If Republicans refuse to cooperate with Democrats on DHS reforms by Feb. 13, the department will see another funding lapse or get more short-term funding.
“We have a list that we want done, and we aren’t settling for half-measures,” Rep. Pete Aguilar, D-Calif., told reporters Tuesday.
He said if Senate Republican leader John Thune, R-N.D., and Speaker Mike Johnson, R-La., “don’t want to come to the table and negotiate real reform, then they’re going to have to explain to the American public why they’re shutting down agencies.”
House Democratic leader Hakeem Jeffries, D-N.Y., told Johnson that Democrats won’t support the bill without restrictions on immigration enforcement, The Washington Post reported.
“We’re going to have to evaluate what the real opportunity is to get dramatic change at the Department of Homeland Security. It needs to be bold, it needs to be meaningful, and it needs to be transformative,” Jeffries told reporters Friday. “Absent a path toward accomplishing dramatic change, and making sure that ICE and DHS are conducting themselves like every other law enforcement agency in the country, then Republicans are going to cause another government shutdown.”
The Senate voted on Friday to allow passage of five spending bills while separating out the DHS funding in order to enforce reform in the department.
Democrats on the House Homeland Security Committee, led by Rep. Bennie Thompson, D-Miss., sent a letter to other House Democrats Sunday lobbying colleagues to vote against the two-week funding package.
“Democrats must act now to demand real changes that protect our communities before Immigration and Customs Enforcement and Customs and Border Protection receive another dollar in funding,” the Democrats wrote in the letter. “This is what our constituents elected us to do — to hold ICE and this administration accountable when they fail to adhere to the Constitution or follow the law.”
The letter listed the demands that Democrats made to reform the DHS, including ending racial profiling, sending federal agents other than ICE back to their missions, ending the occupation of Minnesota, cooperation with state and local law enforcement on investigations, using judicial warrants instead of administrative warrants, and more.

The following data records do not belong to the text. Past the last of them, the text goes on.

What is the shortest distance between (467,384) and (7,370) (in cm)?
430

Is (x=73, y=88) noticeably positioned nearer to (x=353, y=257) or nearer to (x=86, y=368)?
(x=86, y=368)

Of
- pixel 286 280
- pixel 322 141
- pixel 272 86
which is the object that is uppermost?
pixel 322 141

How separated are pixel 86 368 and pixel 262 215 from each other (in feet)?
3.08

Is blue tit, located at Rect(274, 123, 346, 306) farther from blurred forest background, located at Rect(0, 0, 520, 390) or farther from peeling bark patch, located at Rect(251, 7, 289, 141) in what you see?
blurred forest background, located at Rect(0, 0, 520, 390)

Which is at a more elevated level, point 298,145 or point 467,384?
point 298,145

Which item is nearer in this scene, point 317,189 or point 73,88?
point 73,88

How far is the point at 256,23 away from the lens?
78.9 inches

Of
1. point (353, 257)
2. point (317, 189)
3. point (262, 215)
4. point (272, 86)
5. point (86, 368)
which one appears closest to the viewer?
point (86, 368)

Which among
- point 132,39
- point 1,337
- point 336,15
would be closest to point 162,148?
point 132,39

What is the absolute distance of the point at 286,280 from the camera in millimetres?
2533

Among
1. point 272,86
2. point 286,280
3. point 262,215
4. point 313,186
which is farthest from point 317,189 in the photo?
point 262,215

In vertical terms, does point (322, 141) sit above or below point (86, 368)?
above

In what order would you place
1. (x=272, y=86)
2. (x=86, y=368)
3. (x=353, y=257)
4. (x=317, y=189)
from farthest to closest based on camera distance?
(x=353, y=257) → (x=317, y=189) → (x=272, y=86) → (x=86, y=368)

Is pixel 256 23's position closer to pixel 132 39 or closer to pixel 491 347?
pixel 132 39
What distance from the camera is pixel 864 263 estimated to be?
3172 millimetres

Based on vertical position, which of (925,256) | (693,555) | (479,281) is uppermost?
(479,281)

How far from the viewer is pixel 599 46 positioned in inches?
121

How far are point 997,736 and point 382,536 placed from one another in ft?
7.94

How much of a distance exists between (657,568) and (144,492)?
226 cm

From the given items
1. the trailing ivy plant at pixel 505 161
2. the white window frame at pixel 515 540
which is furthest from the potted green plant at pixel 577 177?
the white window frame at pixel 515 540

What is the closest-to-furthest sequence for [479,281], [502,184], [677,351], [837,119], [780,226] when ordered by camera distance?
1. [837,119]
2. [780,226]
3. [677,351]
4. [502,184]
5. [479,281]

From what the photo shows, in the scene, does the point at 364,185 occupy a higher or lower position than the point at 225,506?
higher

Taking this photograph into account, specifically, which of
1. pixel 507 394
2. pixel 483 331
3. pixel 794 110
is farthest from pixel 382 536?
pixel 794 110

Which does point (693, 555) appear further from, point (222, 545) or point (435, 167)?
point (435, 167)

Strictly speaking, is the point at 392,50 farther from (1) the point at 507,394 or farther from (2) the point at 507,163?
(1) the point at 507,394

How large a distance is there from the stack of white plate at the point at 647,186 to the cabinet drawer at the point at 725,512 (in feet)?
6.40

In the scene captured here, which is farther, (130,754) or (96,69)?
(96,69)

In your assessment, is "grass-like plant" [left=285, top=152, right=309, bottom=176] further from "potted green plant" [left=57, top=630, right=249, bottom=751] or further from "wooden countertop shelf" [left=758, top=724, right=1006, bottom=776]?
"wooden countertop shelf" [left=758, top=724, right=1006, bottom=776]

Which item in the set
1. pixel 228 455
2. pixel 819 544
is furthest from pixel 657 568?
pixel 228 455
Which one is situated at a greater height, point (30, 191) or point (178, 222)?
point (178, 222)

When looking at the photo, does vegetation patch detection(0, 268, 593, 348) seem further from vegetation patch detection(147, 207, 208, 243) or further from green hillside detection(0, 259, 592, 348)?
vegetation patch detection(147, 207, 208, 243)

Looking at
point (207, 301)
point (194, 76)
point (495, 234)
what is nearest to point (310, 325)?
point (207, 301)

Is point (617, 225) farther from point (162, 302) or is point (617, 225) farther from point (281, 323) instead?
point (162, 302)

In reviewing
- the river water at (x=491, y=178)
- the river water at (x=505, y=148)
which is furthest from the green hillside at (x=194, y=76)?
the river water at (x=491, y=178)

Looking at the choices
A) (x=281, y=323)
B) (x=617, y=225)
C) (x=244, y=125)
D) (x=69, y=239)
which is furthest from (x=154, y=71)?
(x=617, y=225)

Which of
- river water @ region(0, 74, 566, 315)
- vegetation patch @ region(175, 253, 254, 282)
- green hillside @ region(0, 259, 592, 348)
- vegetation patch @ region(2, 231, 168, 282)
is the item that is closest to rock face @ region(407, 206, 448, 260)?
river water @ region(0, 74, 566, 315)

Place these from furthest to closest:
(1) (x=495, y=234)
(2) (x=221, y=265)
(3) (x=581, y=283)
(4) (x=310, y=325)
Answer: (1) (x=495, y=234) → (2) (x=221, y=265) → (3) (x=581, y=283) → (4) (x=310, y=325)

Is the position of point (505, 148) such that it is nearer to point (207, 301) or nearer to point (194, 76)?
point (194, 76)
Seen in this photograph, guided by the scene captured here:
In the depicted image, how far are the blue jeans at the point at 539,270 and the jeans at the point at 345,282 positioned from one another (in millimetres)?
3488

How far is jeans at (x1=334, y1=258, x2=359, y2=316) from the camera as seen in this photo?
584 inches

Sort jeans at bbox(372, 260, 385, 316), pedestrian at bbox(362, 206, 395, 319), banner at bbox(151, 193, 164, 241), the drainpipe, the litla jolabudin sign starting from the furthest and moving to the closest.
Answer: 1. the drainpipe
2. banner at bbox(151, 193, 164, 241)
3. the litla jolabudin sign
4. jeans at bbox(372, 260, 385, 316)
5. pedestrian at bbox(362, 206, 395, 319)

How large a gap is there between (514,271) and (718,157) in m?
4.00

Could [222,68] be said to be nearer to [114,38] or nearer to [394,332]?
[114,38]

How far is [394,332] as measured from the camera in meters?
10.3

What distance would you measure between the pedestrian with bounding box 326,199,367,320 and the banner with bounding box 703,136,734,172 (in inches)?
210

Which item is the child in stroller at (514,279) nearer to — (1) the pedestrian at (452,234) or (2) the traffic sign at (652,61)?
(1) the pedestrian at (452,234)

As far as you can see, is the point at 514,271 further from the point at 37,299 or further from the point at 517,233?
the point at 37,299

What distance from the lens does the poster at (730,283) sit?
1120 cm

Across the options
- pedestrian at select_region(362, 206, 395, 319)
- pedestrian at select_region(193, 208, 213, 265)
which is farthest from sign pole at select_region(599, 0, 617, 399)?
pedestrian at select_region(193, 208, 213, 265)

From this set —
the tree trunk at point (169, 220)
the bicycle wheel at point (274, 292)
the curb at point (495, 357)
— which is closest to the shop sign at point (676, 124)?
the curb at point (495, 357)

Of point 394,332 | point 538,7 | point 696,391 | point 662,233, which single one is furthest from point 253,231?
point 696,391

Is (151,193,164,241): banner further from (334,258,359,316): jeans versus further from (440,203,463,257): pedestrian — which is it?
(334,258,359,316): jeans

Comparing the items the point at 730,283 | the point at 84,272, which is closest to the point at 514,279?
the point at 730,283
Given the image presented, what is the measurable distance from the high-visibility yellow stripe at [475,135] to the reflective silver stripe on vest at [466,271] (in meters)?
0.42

“We must claw back the blank check Republicans gave ICE and CBP in the One Big Ugly Bill [the omnibus “Big Beautiful Bill” that funded the government]. The money provided through the One Big Ugly Bill is sufficient to fund both agencies for years with few, if any, guardrails. This Administration has already used this funding to deny Members’ immediate access to detention facilities, in direct contrast to appropriations law. It is too dangerous to allow this money to continue to be spent unchecked.”
They also called for the ouster of DHS Secretary Kristi Noem.
They said Noem “must go. She has repeatedly abused her power and violated her oath of office, endangering the security of the United States, its people, and our institutions of government.”